Understanding the trust architecture between front and back-end is (for me at least) key, as that's the primary exposed attack surface to an end user. Open up developer tools (F12), and look around requests as you use the app. Is there anything here that you wouldn't want users to see? As attackers will definitely see that, and it will be the first place they go to look at what you are doing!
Other ways to mitigate these risks could be (if you have sufficiently constrained input sets) to implement caching to avoid the ability to rack up queries against the underlying maps API. Given you are using arbitrary user locations, that's a bit harder. If users have a session or other short to medium term identifier, you could do some smart rate limiting to detect rampant scanning of large areas by making API requests that spoof the device location to be loads of different locations.

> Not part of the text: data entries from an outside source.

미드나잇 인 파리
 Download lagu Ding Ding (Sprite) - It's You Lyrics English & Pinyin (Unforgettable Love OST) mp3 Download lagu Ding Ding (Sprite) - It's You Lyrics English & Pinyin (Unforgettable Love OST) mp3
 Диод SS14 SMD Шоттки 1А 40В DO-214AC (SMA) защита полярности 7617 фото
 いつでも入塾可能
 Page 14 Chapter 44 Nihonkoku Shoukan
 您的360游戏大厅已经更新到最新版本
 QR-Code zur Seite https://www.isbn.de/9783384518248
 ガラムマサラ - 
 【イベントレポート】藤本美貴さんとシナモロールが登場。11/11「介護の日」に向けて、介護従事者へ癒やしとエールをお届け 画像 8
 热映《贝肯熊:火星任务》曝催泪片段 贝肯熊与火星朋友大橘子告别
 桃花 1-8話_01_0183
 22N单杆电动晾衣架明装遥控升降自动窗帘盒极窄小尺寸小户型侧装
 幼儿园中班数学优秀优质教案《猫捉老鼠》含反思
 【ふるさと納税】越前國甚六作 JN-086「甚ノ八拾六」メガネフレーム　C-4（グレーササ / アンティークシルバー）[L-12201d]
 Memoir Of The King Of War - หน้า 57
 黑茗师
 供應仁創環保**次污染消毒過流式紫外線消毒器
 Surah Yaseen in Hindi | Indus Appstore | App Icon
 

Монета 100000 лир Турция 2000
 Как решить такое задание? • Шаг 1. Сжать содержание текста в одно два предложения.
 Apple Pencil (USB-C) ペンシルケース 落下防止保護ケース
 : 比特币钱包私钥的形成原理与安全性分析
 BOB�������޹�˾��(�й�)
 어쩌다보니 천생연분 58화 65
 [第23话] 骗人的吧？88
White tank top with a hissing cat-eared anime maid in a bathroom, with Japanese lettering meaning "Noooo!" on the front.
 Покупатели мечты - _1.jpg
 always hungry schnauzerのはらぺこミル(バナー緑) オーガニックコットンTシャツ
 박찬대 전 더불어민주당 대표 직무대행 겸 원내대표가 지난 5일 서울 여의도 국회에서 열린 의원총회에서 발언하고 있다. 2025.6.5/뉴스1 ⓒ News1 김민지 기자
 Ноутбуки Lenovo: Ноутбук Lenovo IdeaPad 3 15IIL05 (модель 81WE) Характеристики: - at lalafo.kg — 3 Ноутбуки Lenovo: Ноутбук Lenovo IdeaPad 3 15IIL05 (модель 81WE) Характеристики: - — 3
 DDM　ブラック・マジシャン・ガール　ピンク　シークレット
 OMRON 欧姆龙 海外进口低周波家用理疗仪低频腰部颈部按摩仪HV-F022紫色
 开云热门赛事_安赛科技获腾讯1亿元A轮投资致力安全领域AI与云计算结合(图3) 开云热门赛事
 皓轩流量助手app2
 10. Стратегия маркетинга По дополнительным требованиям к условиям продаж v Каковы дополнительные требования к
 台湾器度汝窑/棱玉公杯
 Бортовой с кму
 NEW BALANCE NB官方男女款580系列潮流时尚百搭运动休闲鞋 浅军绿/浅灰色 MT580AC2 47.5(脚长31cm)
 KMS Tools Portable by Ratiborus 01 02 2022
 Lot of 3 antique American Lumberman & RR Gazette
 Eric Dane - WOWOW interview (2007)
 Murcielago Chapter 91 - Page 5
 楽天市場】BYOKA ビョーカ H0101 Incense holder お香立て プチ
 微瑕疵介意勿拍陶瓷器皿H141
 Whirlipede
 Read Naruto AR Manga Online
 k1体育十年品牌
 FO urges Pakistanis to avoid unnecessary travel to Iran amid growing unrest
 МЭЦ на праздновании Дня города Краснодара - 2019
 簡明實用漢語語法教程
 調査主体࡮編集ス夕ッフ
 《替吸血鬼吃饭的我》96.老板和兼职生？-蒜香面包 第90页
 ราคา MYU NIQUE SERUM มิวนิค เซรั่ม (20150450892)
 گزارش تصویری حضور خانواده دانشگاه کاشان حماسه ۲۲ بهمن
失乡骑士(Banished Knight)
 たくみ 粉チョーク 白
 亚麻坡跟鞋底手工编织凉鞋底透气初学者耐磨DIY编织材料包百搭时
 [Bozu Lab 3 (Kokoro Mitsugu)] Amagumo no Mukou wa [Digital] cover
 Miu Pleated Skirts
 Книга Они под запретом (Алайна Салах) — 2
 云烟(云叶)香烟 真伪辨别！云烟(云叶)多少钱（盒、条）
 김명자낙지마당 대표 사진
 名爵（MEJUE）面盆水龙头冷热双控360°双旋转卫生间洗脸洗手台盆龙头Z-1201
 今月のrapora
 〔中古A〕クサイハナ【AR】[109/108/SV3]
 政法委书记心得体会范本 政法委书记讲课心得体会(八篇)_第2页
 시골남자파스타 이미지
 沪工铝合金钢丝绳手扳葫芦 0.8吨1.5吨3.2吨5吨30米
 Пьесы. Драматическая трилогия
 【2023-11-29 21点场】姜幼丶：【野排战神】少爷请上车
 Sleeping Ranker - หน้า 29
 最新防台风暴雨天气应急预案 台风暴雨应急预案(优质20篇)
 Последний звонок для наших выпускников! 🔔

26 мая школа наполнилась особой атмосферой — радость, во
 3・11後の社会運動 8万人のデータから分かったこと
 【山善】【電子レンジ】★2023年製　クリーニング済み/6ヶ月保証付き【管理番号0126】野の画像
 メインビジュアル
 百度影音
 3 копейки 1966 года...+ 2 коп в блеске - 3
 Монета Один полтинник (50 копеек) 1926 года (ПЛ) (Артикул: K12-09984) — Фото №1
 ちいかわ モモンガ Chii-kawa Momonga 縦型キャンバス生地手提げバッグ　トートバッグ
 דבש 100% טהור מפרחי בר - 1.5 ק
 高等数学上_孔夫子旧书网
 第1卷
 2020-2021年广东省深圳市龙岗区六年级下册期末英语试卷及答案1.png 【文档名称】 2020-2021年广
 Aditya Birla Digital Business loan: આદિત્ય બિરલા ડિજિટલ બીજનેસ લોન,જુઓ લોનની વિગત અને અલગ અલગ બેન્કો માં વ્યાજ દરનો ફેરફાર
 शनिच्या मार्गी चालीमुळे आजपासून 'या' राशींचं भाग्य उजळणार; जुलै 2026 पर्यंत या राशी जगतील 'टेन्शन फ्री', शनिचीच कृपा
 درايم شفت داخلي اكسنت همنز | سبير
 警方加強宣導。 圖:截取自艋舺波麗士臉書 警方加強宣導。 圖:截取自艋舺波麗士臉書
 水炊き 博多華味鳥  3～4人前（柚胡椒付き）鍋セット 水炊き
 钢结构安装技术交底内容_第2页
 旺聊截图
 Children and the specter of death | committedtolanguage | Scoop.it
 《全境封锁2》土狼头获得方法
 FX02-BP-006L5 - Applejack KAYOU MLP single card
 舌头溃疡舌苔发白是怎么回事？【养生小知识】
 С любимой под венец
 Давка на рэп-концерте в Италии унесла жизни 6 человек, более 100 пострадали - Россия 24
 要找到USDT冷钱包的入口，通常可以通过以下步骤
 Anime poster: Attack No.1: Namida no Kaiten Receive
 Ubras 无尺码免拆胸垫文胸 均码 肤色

If you follow this process, and work out what's worth attacking (your infrastructure will be one of them - even just to compromise the site, post spam, etc, as will things like any database you run), then you can begin to understand those risks, and work out where there are attack vectors, and mitigate them methodically. The OWASP top 10 guidelines are a good starting point - often the biggest issues are design mistakes, omissions of basic omissions, or flawed attempts to implement basic measures. If you have authenticated API endpoints, for example, is the authentication logic correct, and meaningful? Does it actually do what you intend, and is what you intend sufficient for the level of security you want to have?